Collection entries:
◇ ◇ ◇
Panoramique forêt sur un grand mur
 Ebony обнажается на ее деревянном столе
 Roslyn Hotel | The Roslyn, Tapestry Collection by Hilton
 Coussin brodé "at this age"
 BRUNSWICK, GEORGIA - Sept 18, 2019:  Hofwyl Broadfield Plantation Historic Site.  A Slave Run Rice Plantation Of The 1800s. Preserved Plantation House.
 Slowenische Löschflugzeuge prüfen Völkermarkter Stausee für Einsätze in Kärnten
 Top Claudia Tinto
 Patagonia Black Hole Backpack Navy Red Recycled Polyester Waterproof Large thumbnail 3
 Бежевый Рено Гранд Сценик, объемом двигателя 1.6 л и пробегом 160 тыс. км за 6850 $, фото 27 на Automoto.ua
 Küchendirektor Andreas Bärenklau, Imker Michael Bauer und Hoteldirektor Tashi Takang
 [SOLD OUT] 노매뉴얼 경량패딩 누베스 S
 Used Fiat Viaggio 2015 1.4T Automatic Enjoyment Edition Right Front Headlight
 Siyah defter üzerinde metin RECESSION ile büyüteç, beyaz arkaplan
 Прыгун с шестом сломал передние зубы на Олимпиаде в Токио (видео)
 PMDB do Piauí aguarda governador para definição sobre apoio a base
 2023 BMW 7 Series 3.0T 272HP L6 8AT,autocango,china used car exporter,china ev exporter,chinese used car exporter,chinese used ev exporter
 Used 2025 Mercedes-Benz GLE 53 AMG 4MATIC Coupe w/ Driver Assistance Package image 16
◇ ◇ ◇
Look above for the line holding "Slowenische Löschflugzeuge prüfen" and the line holding "PMDB do Piauí", then output exactly those two lines and every line between them, nothing more.

Result below —
 Slowenische Löschflugzeuge prüfen Völkermarkter Stausee für Einsätze in Kärnten
 Top Claudia Tinto
 Patagonia Black Hole Backpack Navy Red Recycled Polyester Waterproof Large thumbnail 3
 Бежевый Рено Гранд Сценик, объемом двигателя 1.6 л и пробегом 160 тыс. км за 6850 $, фото 27 на Automoto.ua
 Küchendirektor Andreas Bärenklau, Imker Michael Bauer und Hoteldirektor Tashi Takang
 [SOLD OUT] 노매뉴얼 경량패딩 누베스 S
 Used Fiat Viaggio 2015 1.4T Automatic Enjoyment Edition Right Front Headlight
 Siyah defter üzerinde metin RECESSION ile büyüteç, beyaz arkaplan
 Прыгун с шестом сломал передние зубы на Олимпиаде в Токио (видео)
 PMDB do Piauí aguarda governador para definição sobre apoio a base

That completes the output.